The old ways are ending and we don’t know what this means. So what do humans do? Even in isolation we reach for each other. Even in separation we yearn to hug and touch. Even in illness we seek to provide comfort. We choose these things because, at last, we are becoming quiet enough to hear the voice of our souls. There may be an answer and there may not. We don’t know if this ending is a beginning, but our humanness is willing us to find out.

The Unimaginable

Like so many people, I am enraptured by the musical of Hamilton. Seeing it live in San Francisco was one of the last things I did before the quarantine times. I find that I’m treasuring so many things I did before we had to shut our lives down. I’m so glad that I made the choices to see family, to hear music, to celebrate, to go out to eat, and to be with people I love. And teaching face to face. And hugging. Sigh. I’m not pining away for the old days because I truly understand that we’re in a new world now, and I’m certain that hugging will come back, but I’m remembering things that sustained me then and calling on them to sustain me now. This courageous musical is one of them.

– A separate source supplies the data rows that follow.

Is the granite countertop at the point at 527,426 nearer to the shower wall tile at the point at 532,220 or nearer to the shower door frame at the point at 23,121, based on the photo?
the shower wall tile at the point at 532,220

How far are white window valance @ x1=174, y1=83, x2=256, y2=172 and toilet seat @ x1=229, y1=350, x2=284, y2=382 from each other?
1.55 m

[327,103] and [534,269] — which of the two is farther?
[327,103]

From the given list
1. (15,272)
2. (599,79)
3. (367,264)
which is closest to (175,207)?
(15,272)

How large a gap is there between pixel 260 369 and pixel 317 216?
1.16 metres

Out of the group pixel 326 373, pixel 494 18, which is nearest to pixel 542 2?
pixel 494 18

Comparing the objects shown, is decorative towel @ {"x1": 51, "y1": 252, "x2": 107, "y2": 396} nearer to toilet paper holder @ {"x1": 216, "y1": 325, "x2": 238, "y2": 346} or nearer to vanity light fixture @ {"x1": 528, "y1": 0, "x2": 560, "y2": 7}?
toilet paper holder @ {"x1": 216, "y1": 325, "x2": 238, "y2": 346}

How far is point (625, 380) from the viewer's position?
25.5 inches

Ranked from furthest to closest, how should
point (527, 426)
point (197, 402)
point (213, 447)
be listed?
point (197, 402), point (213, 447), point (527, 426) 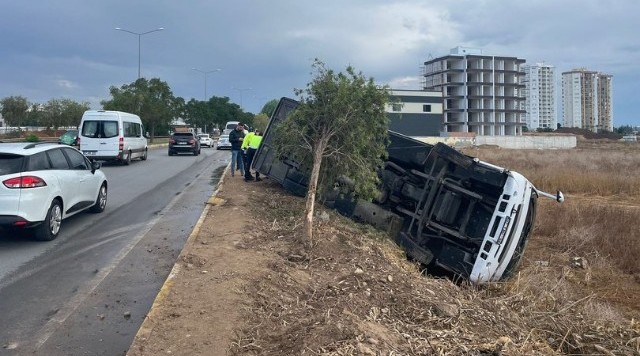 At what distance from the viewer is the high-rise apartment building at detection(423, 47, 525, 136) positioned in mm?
106688

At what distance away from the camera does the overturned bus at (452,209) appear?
326 inches

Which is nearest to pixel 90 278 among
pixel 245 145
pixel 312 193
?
pixel 312 193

Alexander Hamilton’s life was both triumphant and tragic. He was extraordinary and survived terrible circumstances, but he also knew who he was and his place in history. He knew he could make a difference in the new world that was being created. In the second act, his son is killed in a duel and the song The Unimaginable was sung. Throughout all of the grand things that he and others did, it was the personal loss that caused him to find his humanity and empathy. It’s a song of tenderness and kindness, with people urging one another to “have pity on him, he is going through the unimaginable.” It has stayed with me as I hear the daily reports of the Covid virus, the number of people dying, the marches for social justice, the invasion of federal soldiers on the streets of Portland, the debate over wearing masks, and the general disbelief that this is our country. It takes me out of anger and frustration and allows me to hone in on the personal changes that we’re all going through; privileged and underprivileged. We are going through the unimaginable. There are many lessons for us to learn and accept right now. Where do we go with all of this? Do we turn on each other or do we turn toward each other? We are seeing people succumb to fear and anger, but we don’t have to be that person.

The play brings up many of the challenges of how people survived in a very difficult time. For us, we can’t rely on the old ways to handle things. It seems to me that the way inward is the way forward now. In our aloneness, we can get in touch with the feelings of loss, fear, and worry from the daily dose of bad news. We can let ourselves grieve for all of the big and small losses in our lives. We can dig deep and find our warrior selves through our practices. We can provide a haven for our families to share their feelings. We can examine our views on how things “should” be and learn that the old rules aren’t serving everyone. We can share our wealth and support for those who are struggling to survive. Then, we can begin to reach out to others who can help us in some way through emotional support. It’s so necessary to be there for one another now: to create pods of caring, bubbles of communication, circles of outreach, structures of strength, and reliable sources of information and truth.

That is my wish for you in these times - to hold onto hope. We are living in a time of “ambiguous loss” where things are topsy-turvy. We must reach to each other for help and meaning. We’ll have ups and downs and lots of bad days, but there is a deeper spirit that can give perspective. It’s our job now to pay attention.